FIEIS COM O DIABO NO COURO

Padre de Lagoa do Carro, em Pernambuco, reage a abaixo-assinado e diz que só deixa paróquia por decisão do Bispo

Em vídeo nas redes sociais, sacerdote afirma que não renuncia ao cargo e classifica movimento como “pressão”

Por Redação Publicado em 03/02/2026 às 20:33

Um vídeo gravado pelo padre responsável por uma paróquia em Lagoa do Carro, em Pernambuco, ganhou ampla repercussão nas redes sociais após a circulação de um abaixo-assinado que pede sua saída da comunidade. Nas imagens, o sacerdote reage de forma enfática às críticas e afirma que só deixará a paróquia por decisão do bispo da diocese.

Durante o desabafo, o religioso declara que não pretende renunciar e que não cederá à pressão popular.

“Daqui eu não saio, porque só quem pode me tirar é o bispo”, afirma. Em outro trecho, reforça que não entregará a paróquia “a quem quer que seja”, destacando que sua permanência depende exclusivamente da autoridade eclesiástica.

O padre também classifica parte dos opositores como “canalha” e critica o que considera tentativas de interferência na administração da igreja local.

Segundo ele, há pessoas na comunidade que estariam tentando impedir sua atuação pastoral e administrativa.
Questionado no próprio vídeo se esperava o movimento contrário à sua permanência, o sacerdote afirma que não foi surpreendido e que já enfrentou situações mais difíceis ao longo da trajetória religiosa. “Isso aqui para mim não é nada”, declara, acrescentando que encara o episódio com naturalidade.

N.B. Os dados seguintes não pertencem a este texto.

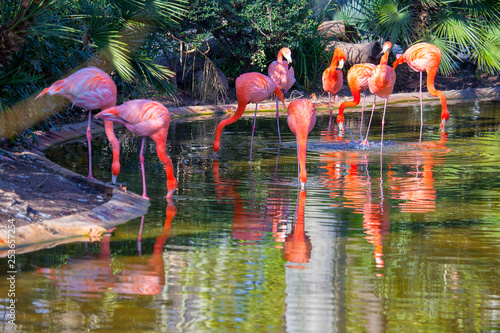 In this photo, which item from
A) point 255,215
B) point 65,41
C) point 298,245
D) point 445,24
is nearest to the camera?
point 298,245

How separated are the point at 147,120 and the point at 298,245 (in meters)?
1.77

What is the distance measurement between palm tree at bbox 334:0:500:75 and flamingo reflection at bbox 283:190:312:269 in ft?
31.5

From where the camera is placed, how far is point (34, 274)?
3244 mm

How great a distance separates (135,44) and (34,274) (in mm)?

Ele também menciona que já assinou documentos relacionados ao caso e sustenta que a condução da paróquia seguirá as diretrizes da Igreja. “Aqui vai fazer aquilo que a Igreja quer”, diz em um dos trechos.
A gravação tem gerado debate entre fiéis e moradores da cidade. Parte da comunidade manifesta apoio ao sacerdote, enquanto outros defendem mudanças na condução da paróquia. Até o momento, não houve posicionamento público oficial da diocese responsável pela jurisdição da igreja.

O caso evidencia a tensão instalada na comunidade religiosa local e coloca a decisão final nas mãos da autoridade episcopal, única instância competente para determinar eventual afastamento do padre.